[[ EXTRACTED INFORMATION open ]]

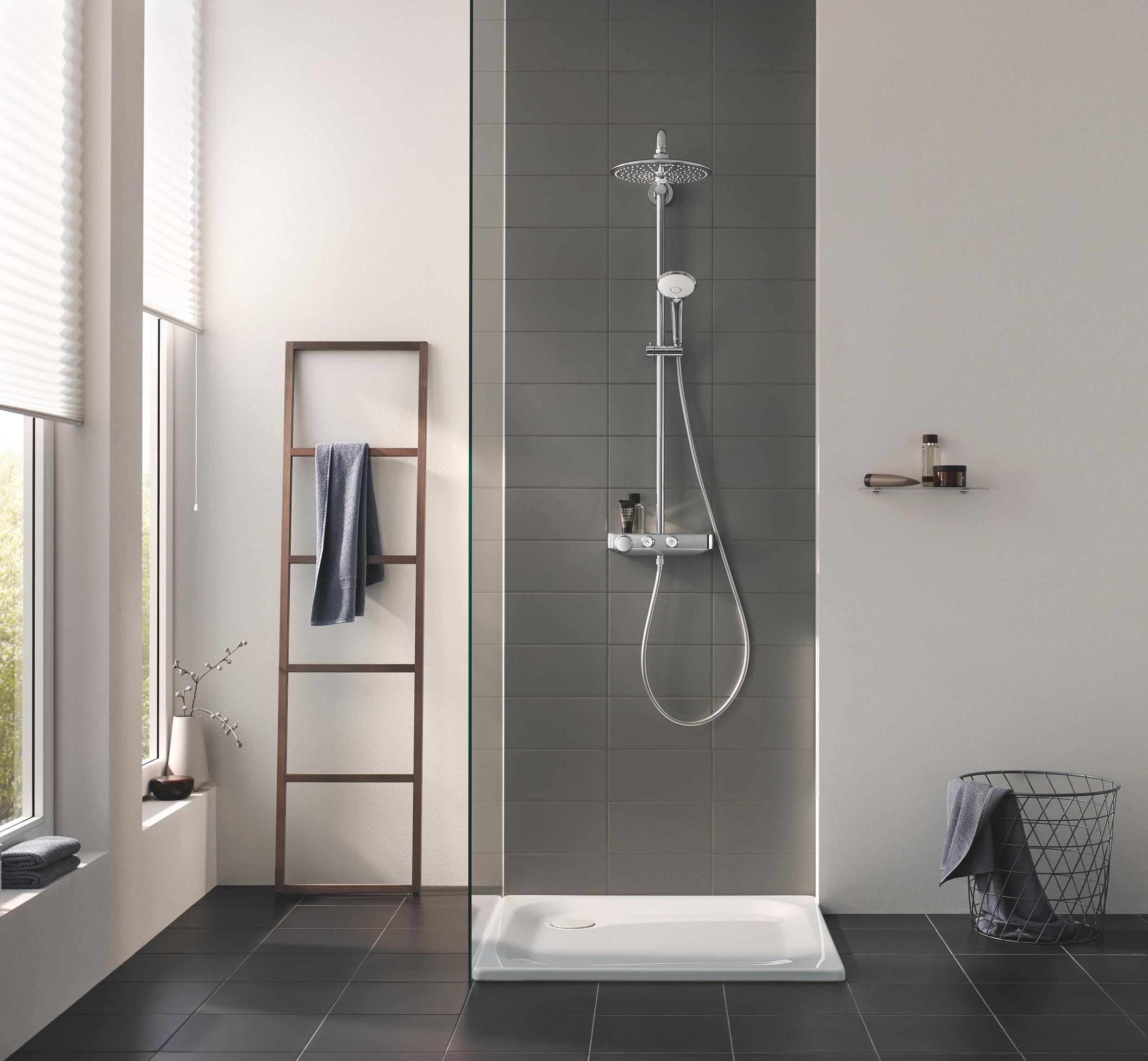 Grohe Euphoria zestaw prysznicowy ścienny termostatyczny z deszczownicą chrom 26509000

[[ EXTRACTED INFORMATION closed ]]
[[ EXTRACTED INFORMATION open ]]

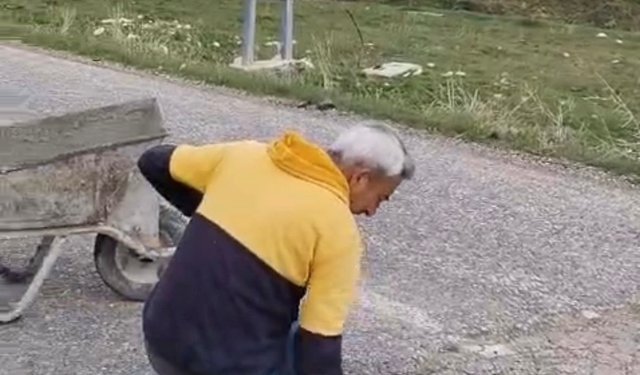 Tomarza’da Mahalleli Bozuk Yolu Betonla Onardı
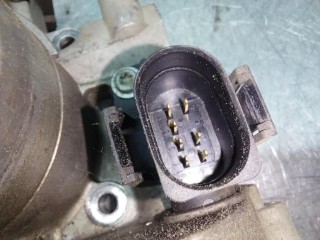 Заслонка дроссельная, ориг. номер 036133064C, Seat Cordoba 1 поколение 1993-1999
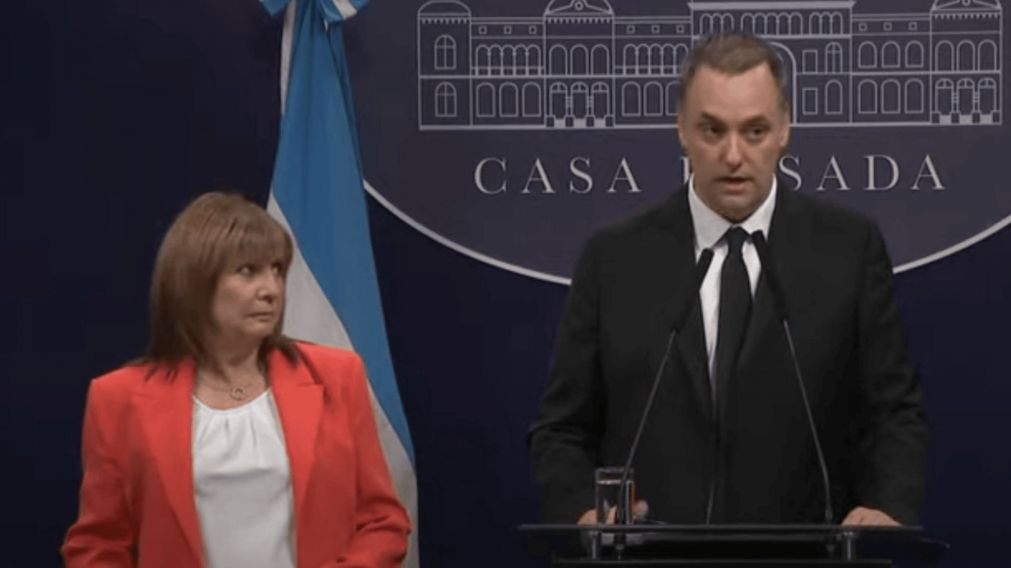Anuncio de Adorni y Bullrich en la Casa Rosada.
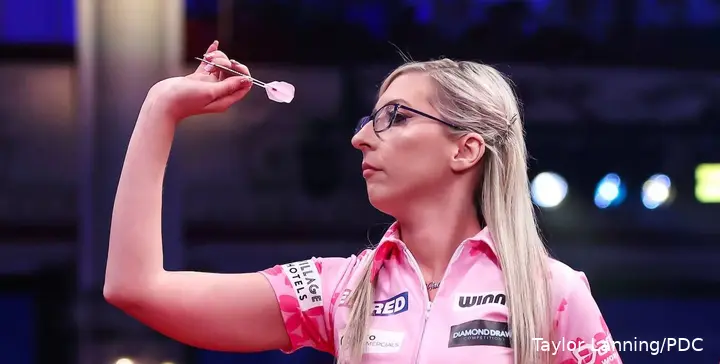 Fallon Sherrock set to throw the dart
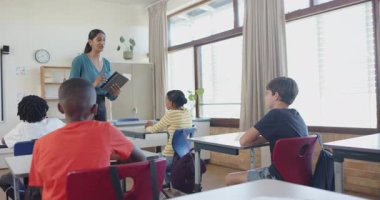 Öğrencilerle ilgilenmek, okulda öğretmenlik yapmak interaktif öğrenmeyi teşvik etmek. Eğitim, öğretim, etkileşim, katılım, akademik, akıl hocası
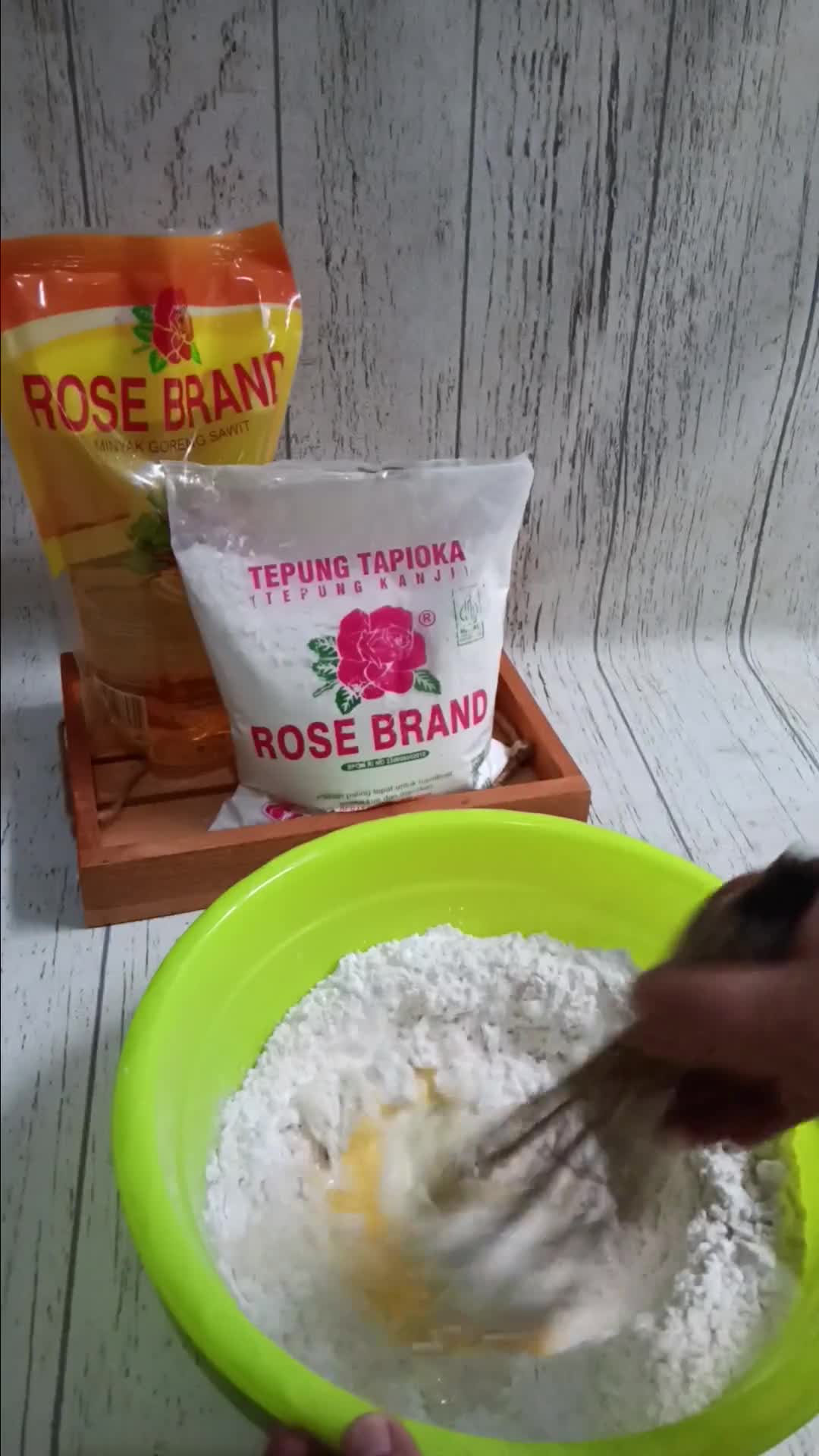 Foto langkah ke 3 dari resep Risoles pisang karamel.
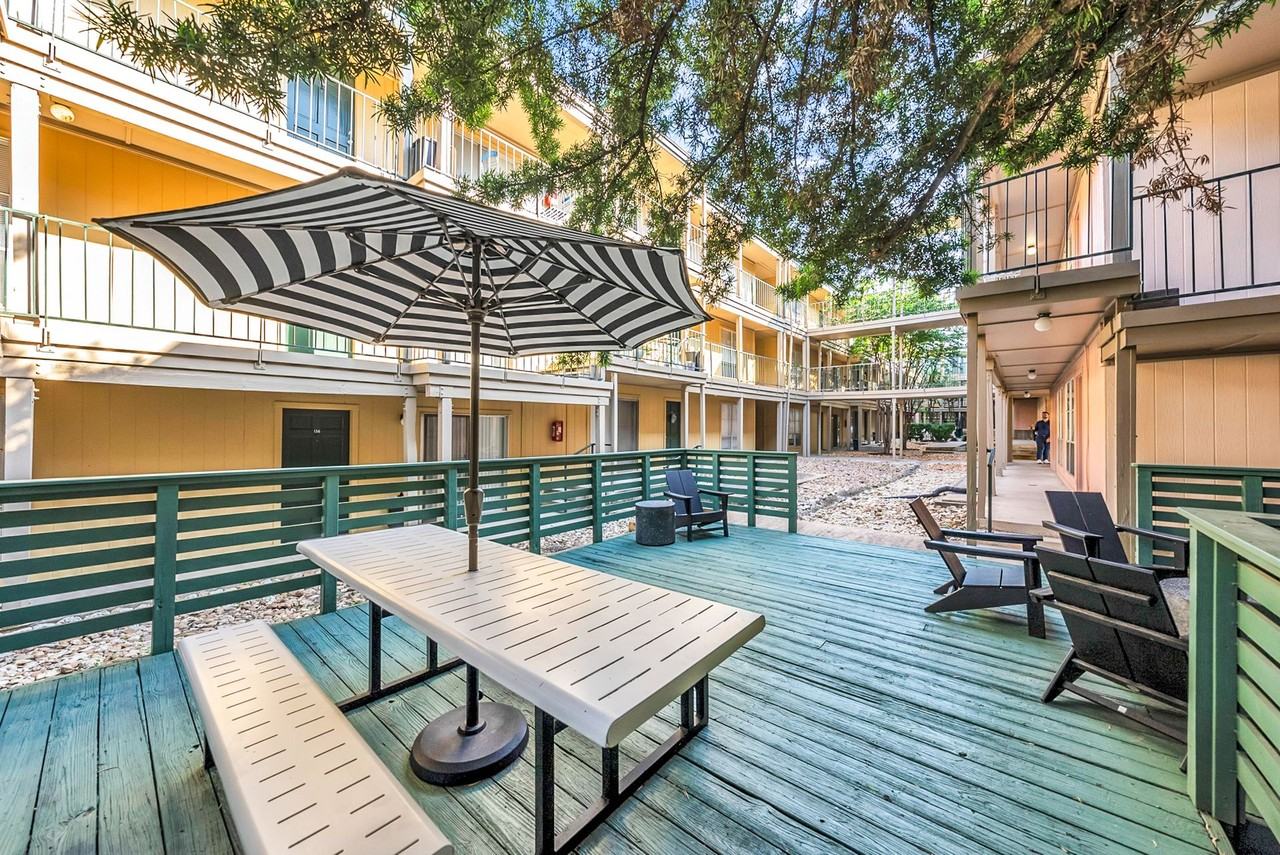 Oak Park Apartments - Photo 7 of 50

[[ EXTRACTED INFORMATION closed ]]

• WHAT THIS TASK INVOLVES: Copy exactly the material above from the line with "Öğrencilerle ilgilenmek, okulda" to the line with "Oak Park Apartments - Photo 7 of 50", ends included, and nothing else. Leave out any picture.

• SOLUTION:
 Öğrencilerle ilgilenmek, okulda öğretmenlik yapmak interaktif öğrenmeyi teşvik etmek. Eğitim, öğretim, etkileşim, katılım, akademik, akıl hocası
 Foto langkah ke 3 dari resep Risoles pisang karamel.
 Oak Park Apartments - Photo 7 of 50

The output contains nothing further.